Si diceva che confrontarsi con i filosofi è anche comprendere il loro "vocabolario": mi sembra che Hegel intenda con la parola "opposizione" la contraddizione logica ("a" e "non-a") con il termine "contraddizione" il momento negativo della dialettica (antitesi)... prova a usarli come legenda interpretativa  ;)
Titolo: Re:Perché un Principio universale?
Inserito da: Carlo Pierini il 03 Agosto 2018, 20:54:21 PM
Cit. CARLO
C'è poco da discutere: il pdnc vale SIA per le teorie scientifiche che per qualunque proposizione (o coppia di proposizioni). Se in relazione ad un certo argomento l'una contraddice l'altra, una delle due è falsa, o sono entrambe false, oppure entrambe contengono elementi di falsità.

PHIL
Non parlavo, come specificato, di singole proposizioni logiche, ma di "intere" posizioni filosofiche,

CARLO
Non cambia nulla. Anche intere posizioni filosofiche possono contenere aspetti che contraddicono certi aspetti di altre intere posizioni filosofiche; il pdnc vale anche per essi.

PHIL
di paradigmi, di interpretazioni ermeneutiche, a cui dare un singolo valore di verità comporta (oltre che snaturarle drasticamente) i disastrosi (solo filosoficamente   ;) ) effetti collaterali di cui sopra,

CARLO
Io non ho parlato di singolo valore di verità.

Cit. CARLO
...Ma come? Prima mi dai dell'approssimativo, e poi non ti prendi la responsabilità di giustificare il tuo epiteto? ...Lo so io perché non ti prendi questa responsabilità: perché lo scritto da te citato (l'ho trovato on-line: https://archive.org/stream/ScienzaDellaLogicaVol2#page/n68/mode/1up ) da ragione a me: Hegel non distingue l'opposizione contraddittoria dall'opposizione dialettica tesi-antitesi.

PHIL
Si diceva che confrontarsi con i filosofi è anche comprendere il loro "vocabolario": mi sembra che Hegel intenda con la parola "opposizione" la contraddizione logica ("a" e "non-a") con il termine "contraddizione" il momento negativo della dialettica (antitesi)... prova a usarli come legenda interpretativa  

CARLO
Si diceva anche che attribuire a un medesimo termine dei significati tra loro incompatibili significa mettere l'intelletto "fuori servizio" e ridurre il linguaggio a un rumore molesto.
Un popperiano come te dovrebbe sapere che sono proprio questi i motivi per cui Popper rifiutava sdegnosamente la dialettica hegeliana!
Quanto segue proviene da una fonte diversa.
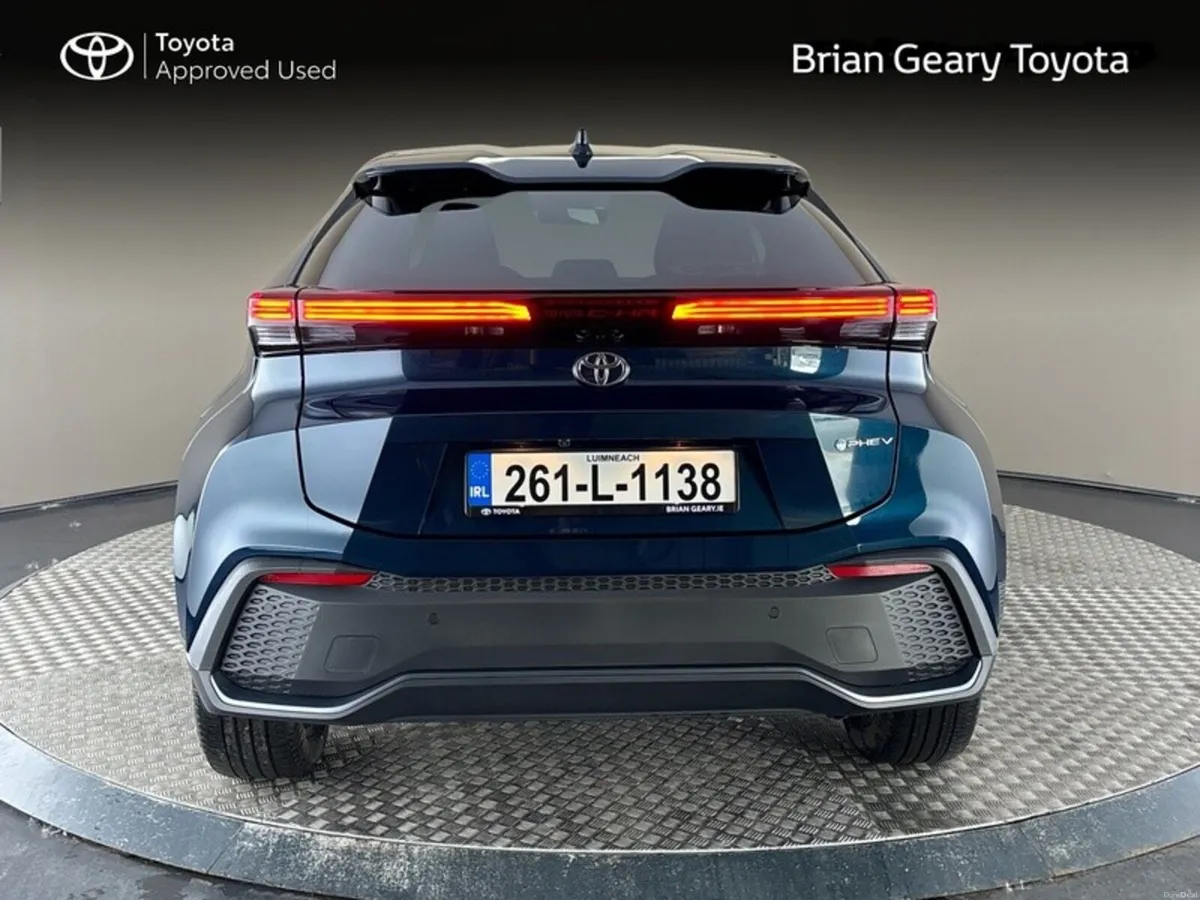 Toyota C-HR Plug in Hybrid SPORT - Image 4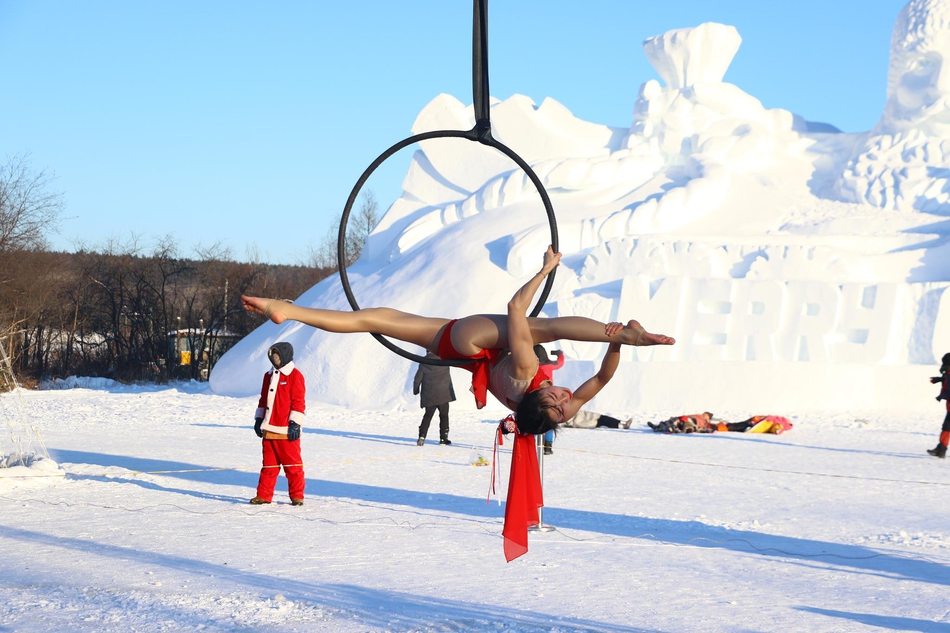 2019漠河空中舞蹈极寒挑战赛圣诞村开赛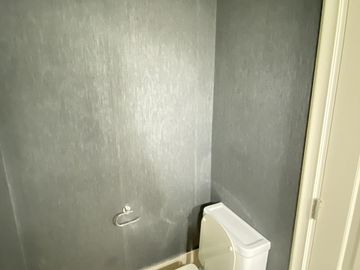 EXCLUSIVO DEPARTAMENTO EN VENTA EN COMPLEJO VILLAGE PLAZA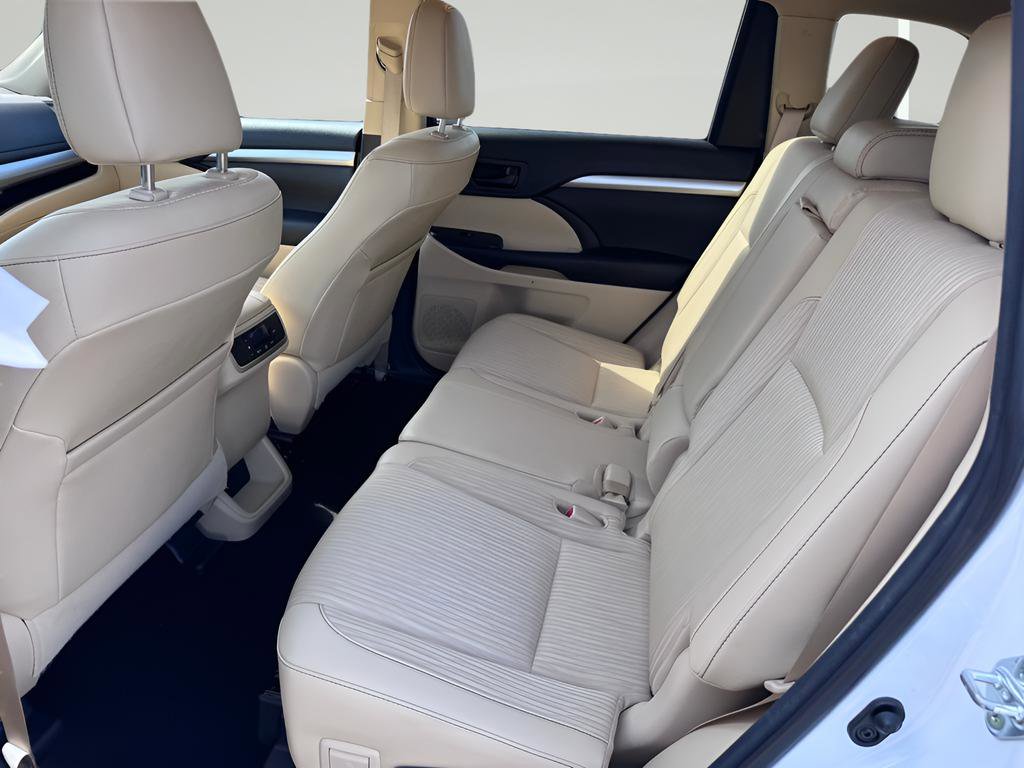 Used 2017 Toyota Highlander Plus FWD image 28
https://digilander.libero.it/moses/poppol1.html
Titolo: Re:Perché un Principio universale?
Inserito da: Phil il 04 Agosto 2018, 10:27:57 AM
Citazione di: Carlo Pierini il 03 Agosto 2018, 20:54:21 PM
Non cambia nulla. Anche intere posizioni filosofiche possono contenere aspetti che contraddicono certi aspetti di altre intere posizioni filosofiche; il pdnc vale anche per essi.
Per fortuna, in filosofia, ci sono posizioni ed orientamenti contraddittori... e il pdnc ci dice solo che non possiamo essere contemporaneamente ferventi seguaci di (esempio) materialismo e spiritualismo; sottolineavo come fosse invece inutile applicarlo in ambito ermeneutico, ma... "non insisto" (autocit.  ;D ).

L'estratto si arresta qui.